▶ What you should do:
Only the lines from the one containing "Farmers face devastating" to the end of the listing below should be returned, exactly as written and without pictures.
-------- Data for processing --------
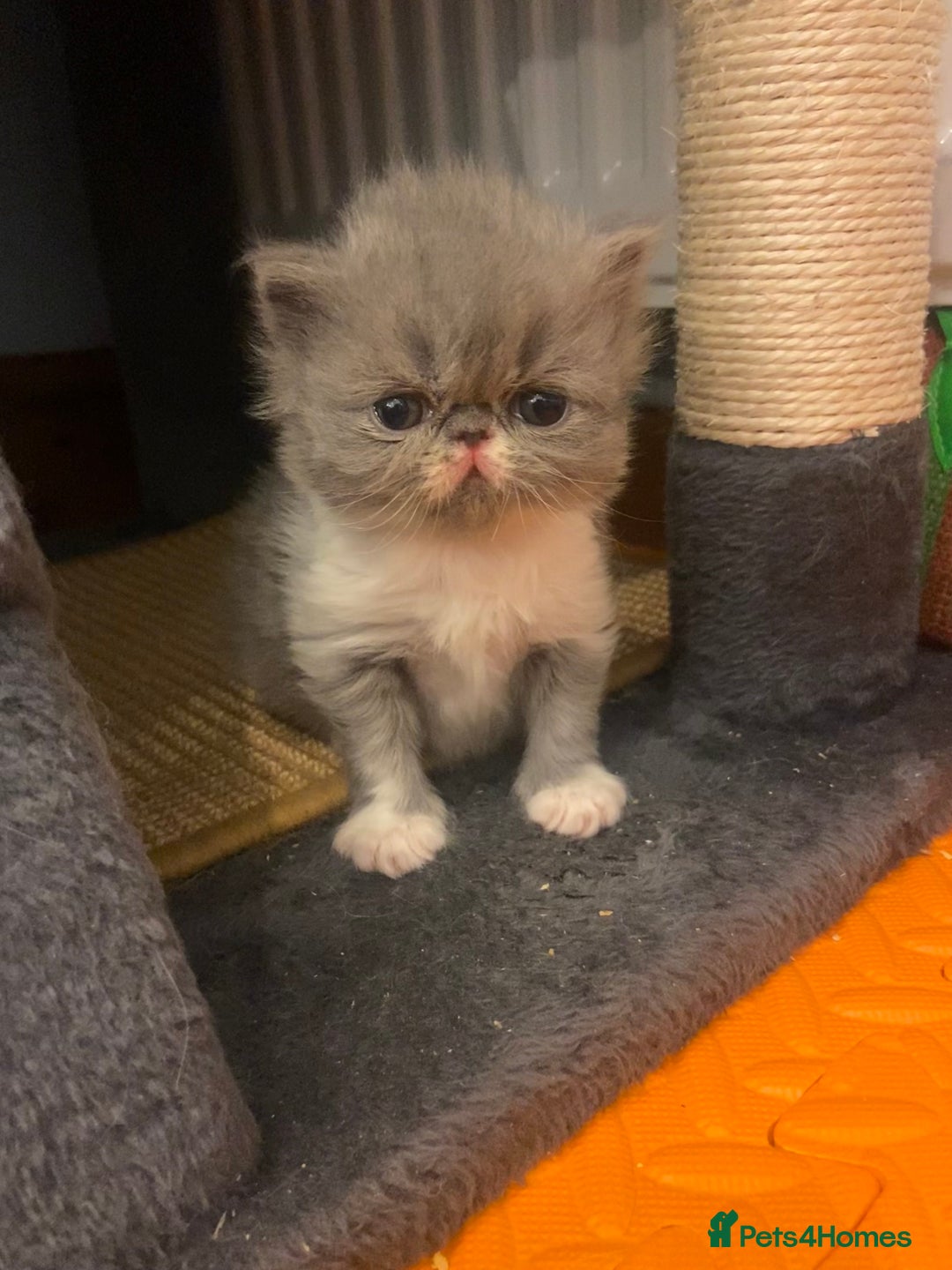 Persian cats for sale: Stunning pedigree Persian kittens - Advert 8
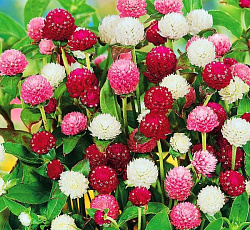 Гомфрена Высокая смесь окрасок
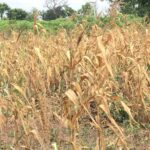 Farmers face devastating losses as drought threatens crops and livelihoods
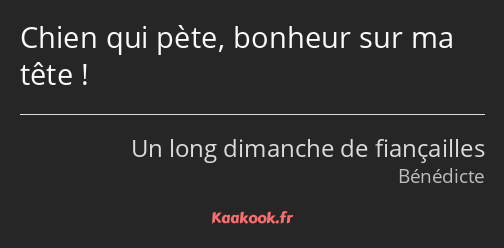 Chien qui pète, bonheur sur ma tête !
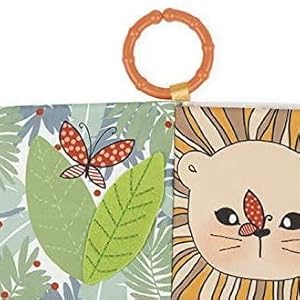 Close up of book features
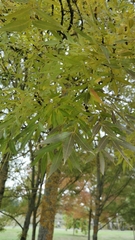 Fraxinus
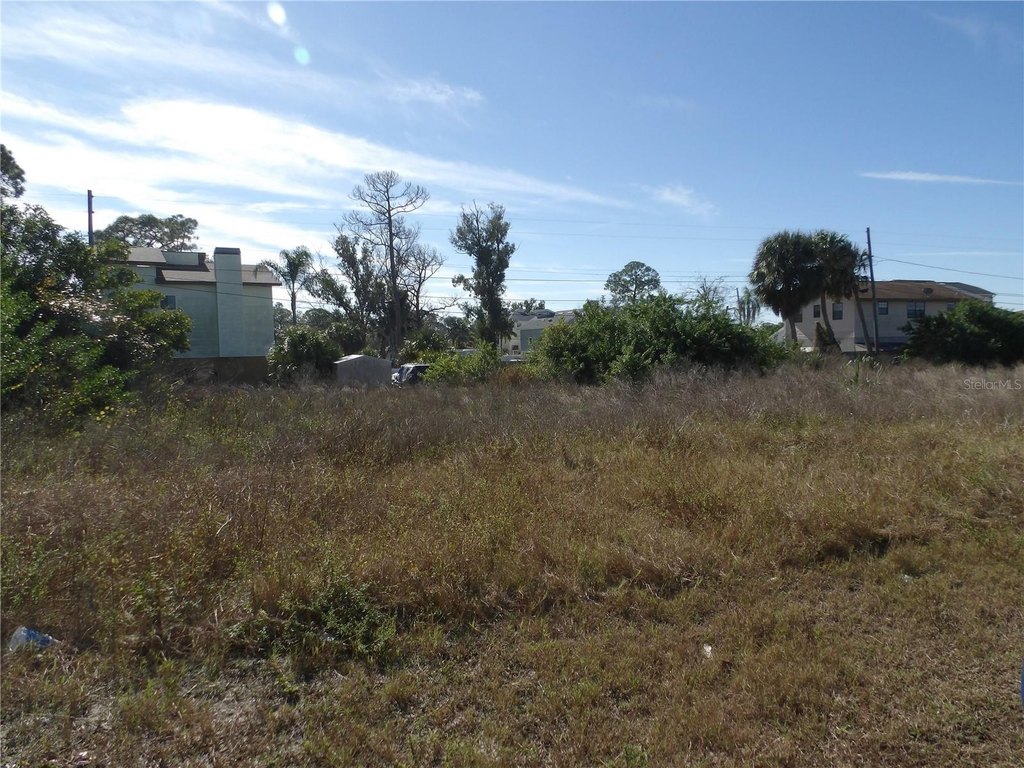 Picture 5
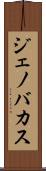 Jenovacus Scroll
--------
▶ Result of the exercise:
 Farmers face devastating losses as drought threatens crops and livelihoods
 Chien qui pète, bonheur sur ma tête !
 Close up of book features
 Fraxinus
 Picture 5
 Jenovacus Scroll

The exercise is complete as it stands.